(Incluso las libertades informativas). La palabra ajuste se reproduce con frecuencia en la Era de Amlo. Se aplica a la baja del crecimiento económico y de los estándares de empleo e ingreso que un estrato considerable de asalariados y clases medias había disfrutado, con razonables niveles de vida, identificados ahora como corruptos. Pero en general lo habían logrado con su esfuerzo, por las condiciones económicas del país y también por los derechos conquistados en varias generaciones a través de sistemas diversos de seguridad social del Estado y de aseguradoras privadas. El objetivo explícito del actual ajuste, en el sector público, es liberar recursos para distribuirlos directamente a los más desprotegidos. Pero este ajuste sacrifica derechos laborales y sociales arraigados institucionalmente, a fin de financiar un programa de entregas directas de recursos en un marco de clientelismo político electoral.

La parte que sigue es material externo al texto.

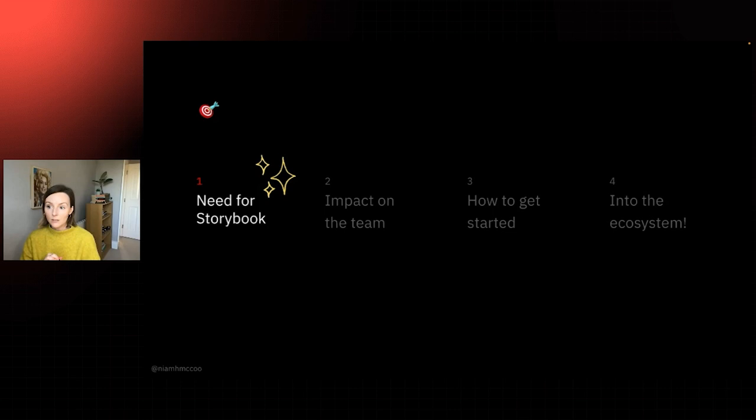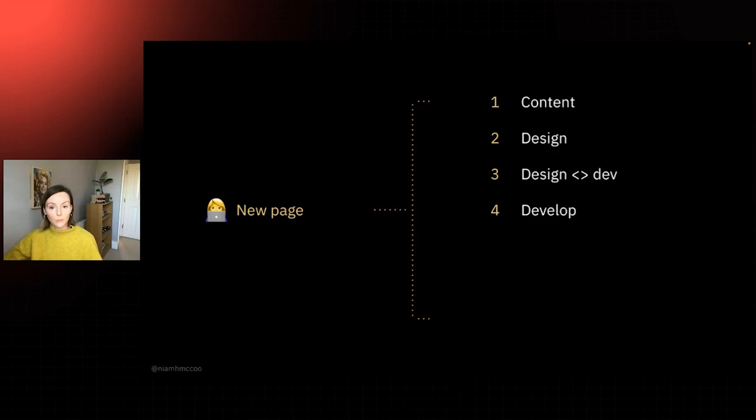We'll start with the need for Storybook and unpack a typical production process for some teams. Say you're working on a project where you are the main developer maintaining the front end of a website — the site's already built using React, it's live and looking great. Your job is to update the site with a new page. First the marketing team creates some content, then the designer designs it, the designs get handed to the developer, the developer builds the page, hands it to the QA team, and if everything looks good, the page gets deployed.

Esto conduce ya a una crisis de las estructuras institucionales, como lo muestran las movilizaciones de médicos residentes del sector salud, frente a un proyecto de igualdad que, en lugar de propiciar la elevación de marginados, tiende a emparejar a la baja los niveles de vida de quienes alcanzan alguna cota o expectativa de bienestar. Es un proyecto que no toca a los más privilegiados y en cambio desvaloriza a profesionales en formación o en plenitud y descalifica a quienes han o habían logrado empleos, prestaciones y ascensos en el mercado de trabajo. Por último, es un esquema que le asigna mayor valor político y social (e importantes transferencias presupuestales directas) a quienes lamentablemente no han accedido al estudio ni al trabajo, lo cual desincentiva la vía al estudio y al trabajo e inclina a estos grupos a la oferta paternalista y clientelar del gobierno.

Pero más explícito resultó esta semana el ajuste salido de la mente de nuestro mandatario al sistema de libertades informativas y de opinión alcanzadas en México en las últimas décadas. Con un lenguaje de inequívoca amenaza, aunque después negó que lo fuera, el presidente López Obrador les advirtió a los periodistas: “Si ustedes se pasan, pues ya saben ¿no? lo que sucede”. Se refería a las represalias masivas —que se registraron en los medios internacionales— infligidas por su maquinaria en redes a Jorge Ramos, de Univisión, quien le corrigió al presidente cifras de muertes violentas y lo cuestionó por descalificar medios y negarles el derecho a reservarse sus fuentes informativas.

Lavarse las manos

Tras esa amenaza, el presidente se lavó las manos de las injurias provenientes de sus “benditas redes sociales”, como anticipándose al inminente viernes santo. Sí. Pasado mañana se recordará en iglesias y películas de la tele a Poncio Pilato haciendo lo mismo, cuando dejó que la plebe decidiera por crucificar a Jesús. “Pero no soy yo”, quiso aclarar nuestro presidente respecto del origen del linchamiento cibernético a Ramos: “es la gente”. Y aquí resulta obligado recordar la atribución a la voluntad de los pueblos, de las atrocidades de los regímenes totalitarios. Y mientras se establece la identidad del instrumentador de las campañas contra los críticos de Amlo, no me resisto a traer a cuento otra vez la acusación de Lucas Alamán a Lorenzo de Zavala de ser el “organizador de la canalla”, detrás de la fiebre de libelos de los primeros años el siglo XIX, como lo recoge Rafael Rojas en su texto “Una maldición silenciada: el panfleto político en el México independiente”.

A la baja, educación y constitución

Y enviado este texto, me entero que la Constitución en la Era de AMLO va tan a la baja que puede invalidarse por un simple “memorándum” del Ejecutivo. De hecho el presidente de la República les ordena a varios de sus colaboradores incumplir la Carta Magna en las disposiciones relativas a la reforma educativa. Adiós al Constituyente Permanente compuesto por las Cámaras del Congreso Federal y las de los Estados. Adiós a la calidad educativa en México.